Discussed in this essay: Feminist City: Claiming Space in a Man-Made World, by Leslie Kern. Verso, 2020. 224 pages.
IN THE MIDDLE OF NEW YORK STATE, the Oneida Community Mansion House stands as a testament to the intersection of architecture and radical social ideals. In 1848, the same year Karl Marx and Friedrich Engels published The Communist Manifesto, a group of utopian socialists seeking spiritual perfection built a communal dwelling in the town of Oneida. Thirteen years later, having outgrown their home, they built the Mansion House, which still stands today. Three hundred men and women lived together in the house at its peak, committed to full sexual equality and practicing what they called “complex marriage,” a form of polyamory in which every man was married to every woman. Intimate relations occurred freely between all members of the family, untethered from notions of possession and private property, and children born into the community were raised collectively. The Oneida Community designed its house to reflect these communal values. They built a two-story Family Hall that could hold the entire population of the mansion for daily group events, and a children’s wing where teachers looked after the collective’s youngest members. Abundant community rooms and a library encouraged as much social interaction among family members as possible.

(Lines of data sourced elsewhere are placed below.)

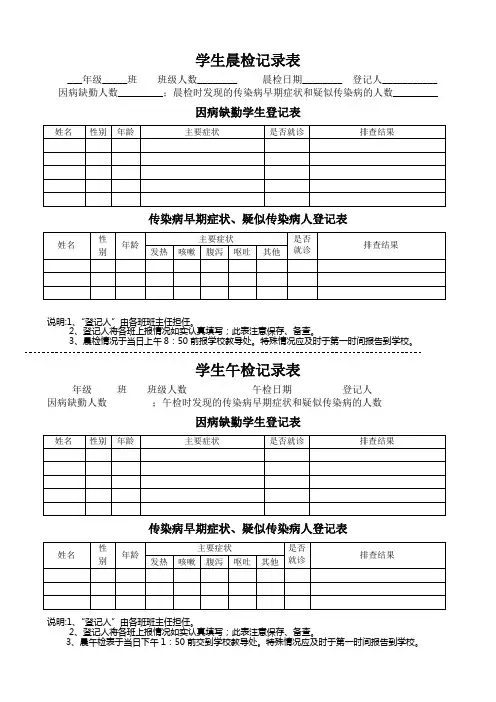 学生晨、午检记录表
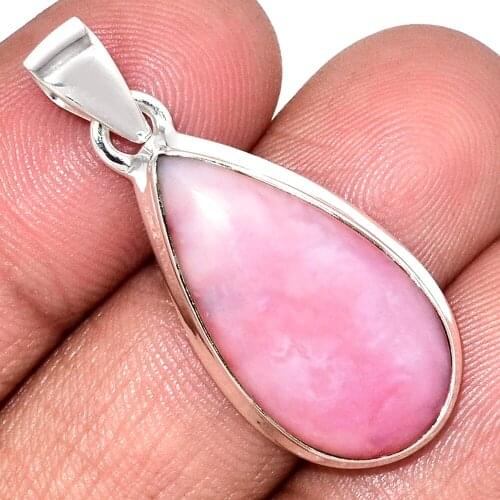 Genuine PINK OPAL Pendant 925 Sterling Silver, Total Length : 39.5 mm, AP7074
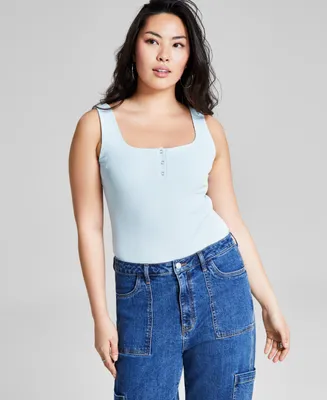 And Now This Women's Second-Skin Ribbed Henley Bodysuit, Created for Macy's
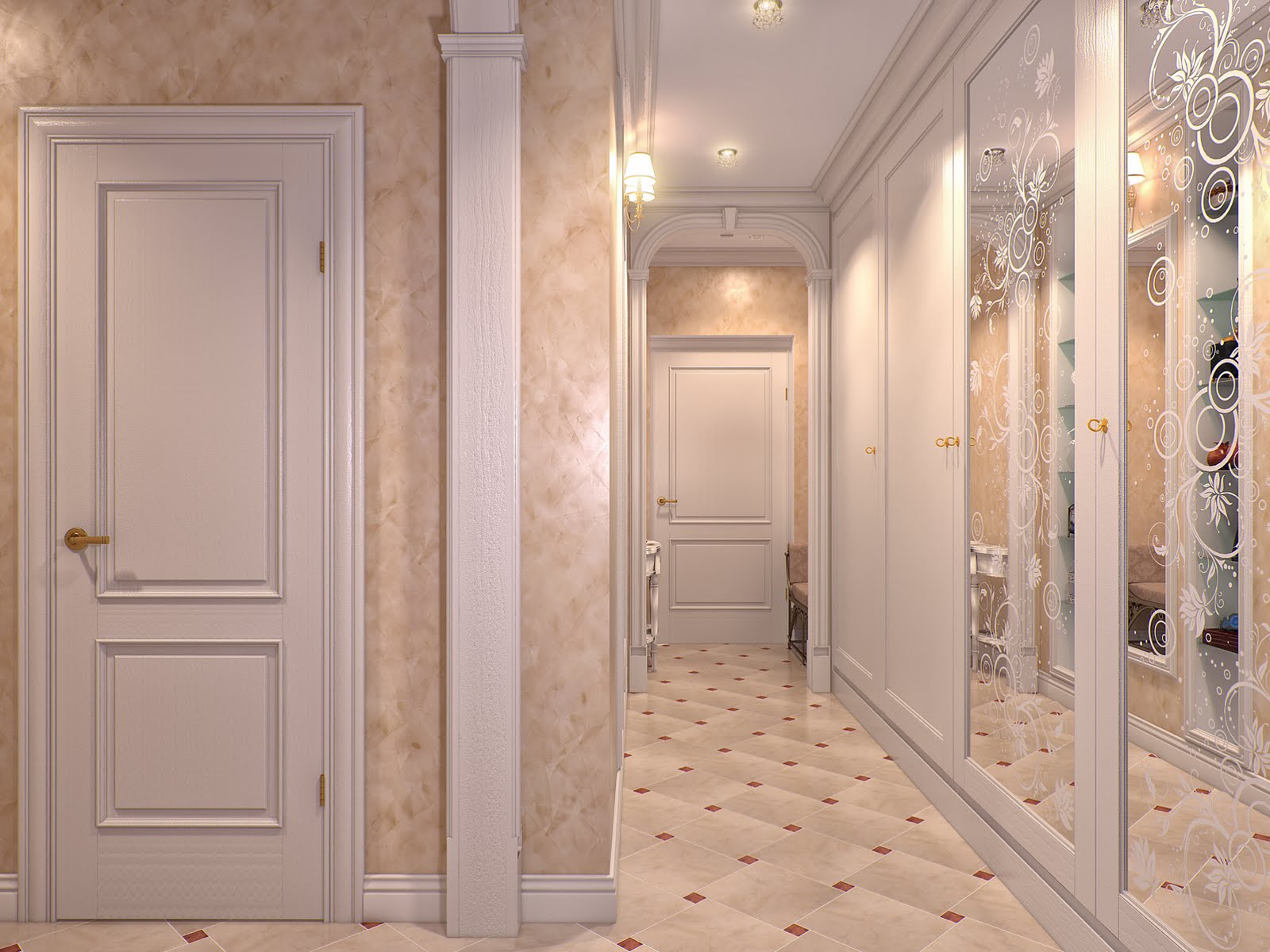 Декоративная штукатурка в коридоре в классическом стиле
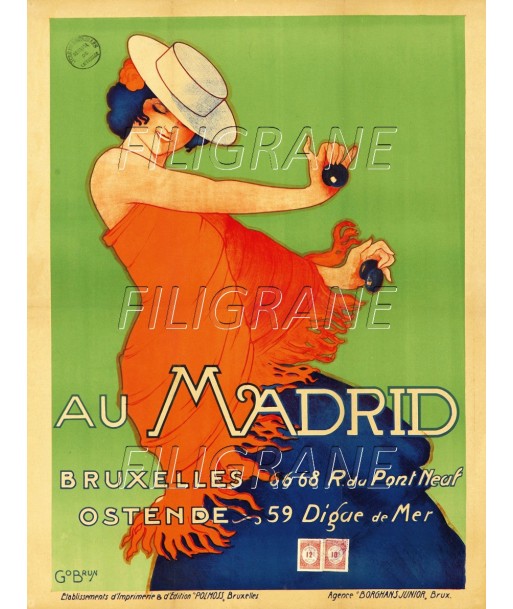 PUB AU MADRID BRUXELLES OSTENDE Rrea-POSTER/REPRODUCTION d1 AFFICHE VINTAGE À commander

The Oneida Mansion was inspired by other utopian socialist living experiments, and many more followed. In the early 19th century, the manufacturer and social reformer Robert Owen built “villages of cooperation” in Scotland and Indiana, based on the premise that healthy living in planned communities could alleviate poverty. In France around the same time, the philosopher Charles Fourier dreamed up the phalanstery, a communally-owned building designed to house a self-sustaining collective of several hundred individuals. These endeavors influenced 20th-century cooperatives including Israel’s kibbutzim, the Soviet Union’s kommunalki (expropriated urban dwellings subdivided to house multiple families), and the co-housing movement in Denmark (where private homes cluster around shared common spaces). Later, architects and engineers designed microdistricts known as mikrorayon in the USSR and xiaoqu in China: massive housing complexes within walking distance to parks, health clinics, schools, and groceries, and connected by free or subsidized public transportation to universities, hospitals, factories, and offices. Today, the communal infrastructure that architectural historian Kimberly Zarecor calls “the socialist scaffold” continues to shape urban landscapes across the former socialist world, providing a fascinating alternative to the cities of the capitalist West.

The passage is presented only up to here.